今回は思考が冴えていたというか、どんどん正解に肉薄していくようだった。いくら考えても分からぬ時もあれば、分かるときは脳に大量に電流が走るのだろう。マンガで名案が浮かぶと頭の上の電球に明りがともる絵を描いたりする。まさにアレだな、マンガは正しい。これで長年の問題に解決がついた。正しいかどうかはともかく、自分自身に納得がいった。

母は、昔の人間にありがちな、狭い視野の女性にありがちな、何かにつけ、二言目には「常識がない」、「近所の笑いもの」、「親が笑われる」と、この三点セットが常套句であった。どこの親でも多かれそういう事はいうだろうが、これ以外にいう事がないと言うくらいに聞かされた。聞き飽きてもいた。いずれの言葉も息子を思う気持ちは伝わってこなかった。ところが…

「そんなんでどうするんだ?靴を盗まれて、裸足で帰ってくるバカがどこの世界にいる。誰のでもいいから履いて帰るくらいの気持ちがなくて、世の中生きていけるんか?」

この言葉は実は分かりやすく脚色して書き直したもので、男勝りの母はこんな物言いはしない。記憶には状況しか残ってないが、おそらくこんな感じでいったのだと思うが、言葉のニュアンスは文字には表しにくいばかりか、断片的な記憶しかない。それでも記憶を呼び起こし、なるべくニュアンスに近い感じで表現するとこういう感じであろう。

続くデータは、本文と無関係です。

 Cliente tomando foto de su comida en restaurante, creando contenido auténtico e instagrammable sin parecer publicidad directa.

「何をしよんか!靴盗られたから裸足で帰ってくるなんか、ほんま情けないわ。人の靴でも履いて帰ろう気がなくてどうすんじゃ、バカたれが!そんなんじゃ生きていけんど!」

イメージ 2胸にグサリ、奈落の底につき落とされた。確かに不甲斐ない。母の物言いは、普通に喋るだけで知らない人間は喧嘩腰に思う。それほどキツイ物言いをされると反射的に口答えとなる。が、この時自分は口答えをしていない。「盗られたもんはショーガなかろうが、うるさいんじゃ、黙っとれよクソババぁ!」と言い返して不思議はないのに、なぜか返せなかった。
「わかった!」というのは、普段は常識だの世間体だのが口癖の母が、正面きって息子のことを思って発した言葉であり、現に自分の中の「男」を奮い立たせられた。ふやけた心に渇をいれ、"肉を斬らさば相手の骨を砕け"という、男の気概を持てと、そういう母の気概が感じられたのではないか。「人の靴を履いて帰れ」そんな善悪より、性根をぶち込まれた。

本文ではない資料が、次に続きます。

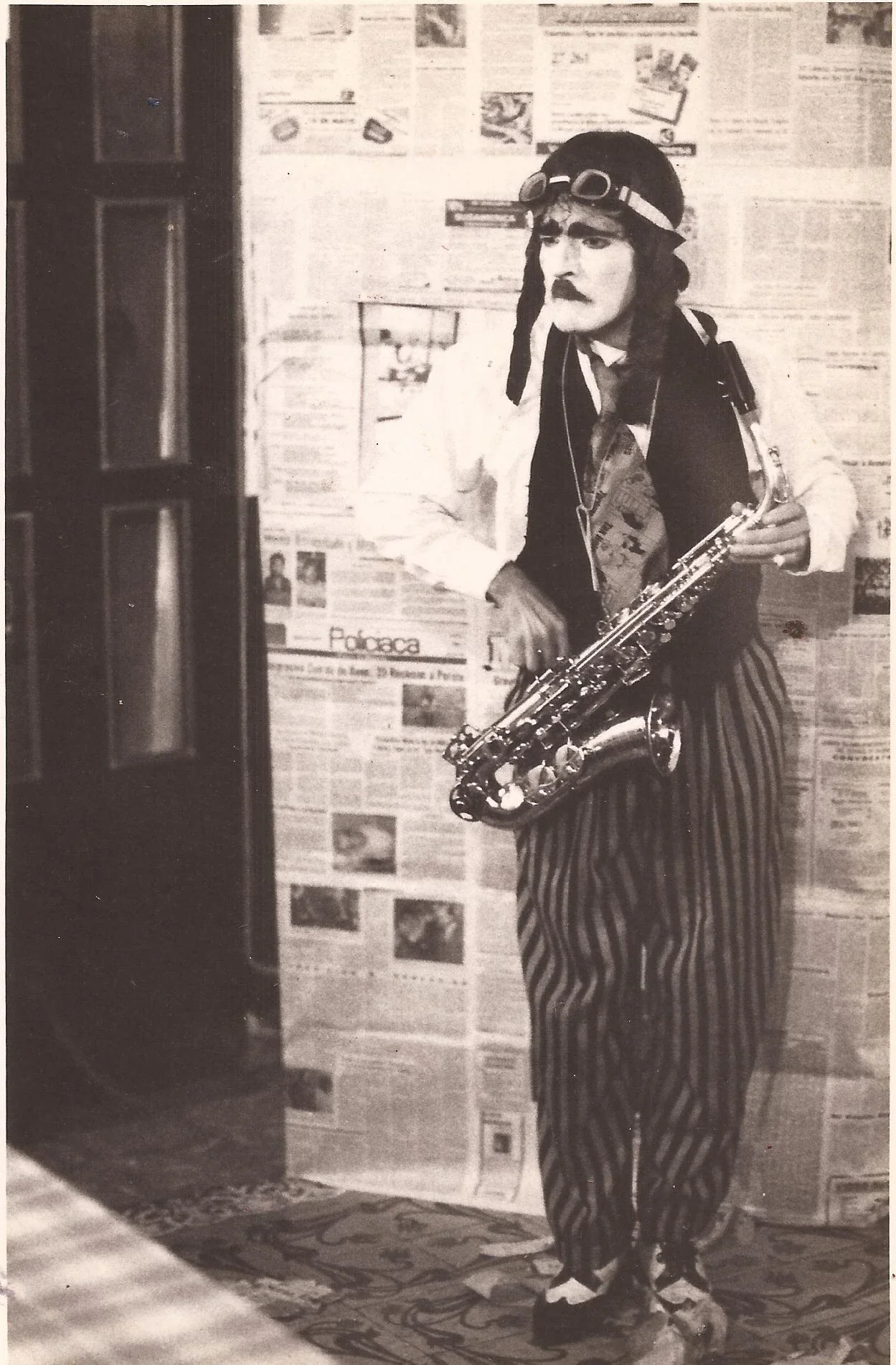 Homem vestido de palhaço ou artista com roupas listradas, chapéu, óculos e bigode, segurando um saxofone, em ambiente decorado com jornais na parede.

自身の何かが一変するような迫力に満ちた言葉を受け、この日から自分は男になった。財津和夫の『青春の影』の最後のフレーズはこうだ。「今日からぼくはただの男」と歌われる。この詞の意味はいろいろ言われている。いろいろな解釈はあるけれども、自分は以下の解釈をする。「男のロマンの犠牲になった女がいた。がむしゃらに前を向くだけの男だけに…

少年のように自分の幻影を追った男も、やがて熟して成長すれば、人(女)の愛に気づき、目覚める。恋などとはしゃいでいたが、恋は心身の成長と共に移行し、愛の架け橋となるも、愛の重苦、厳しさに慄く。女は男のふるさとである。男も女から生まれる以上、疑いのないふるさとを、男は大切にすべきである。そして最後「ただの女、ただの男」に連なる。

「ただの女」、「ただの男」とは、肩書きも履歴も境遇も身分も相性も虚言も真言も、そうした人間にまつわる一切の装りを無用とする、生身の人間のことであろう。人はそれを純粋という。そして、今日からただの女になる、ただの男になった。ではなく、なる前の心情であり、「なろう」という決意。青春の影というのは、本質の大切さを気づかぬことかと。

 君の心へ続く長い一本道は
 いつも僕を勇気づけた
 とてもとてもけわしく細い道だったけど
 今君を迎えにゆこう
 自分の大きな夢を追うことが
 今までの僕の仕事だったけど
 君を幸せにするそれこそが
 これからの僕の生きるしるし 

 愛を知ったために涙がはこばれて
 君のひとみをこぼれたとき
 恋のよろこびは愛のきびしさへの
 かけはしにすぎないと
 ただ風の中にたたずんで
 君はやがてみつけていった
 ただ風に涙をあずけて
 君は女になっていった

 君の家へ続くあの道を
 今足もとにたしかめて
 今日からは君はただの女
 今日から僕はただの男


なぜに青春時代は大切なものに目が行かないのだろう。なぜにちっぽけなことで苦しみ、悩むのだろう。自分に最も大切な恋人をも捨て去ったりする。自分もそうだった。なぜ、人の愛を理解できないのか。青春が貴重な時代であったと分かるのは、青春を過ぎてからだという。青春時代に学ぶことは人によって違うが、あらゆる人に共通すべくは、「自信を持つ」である。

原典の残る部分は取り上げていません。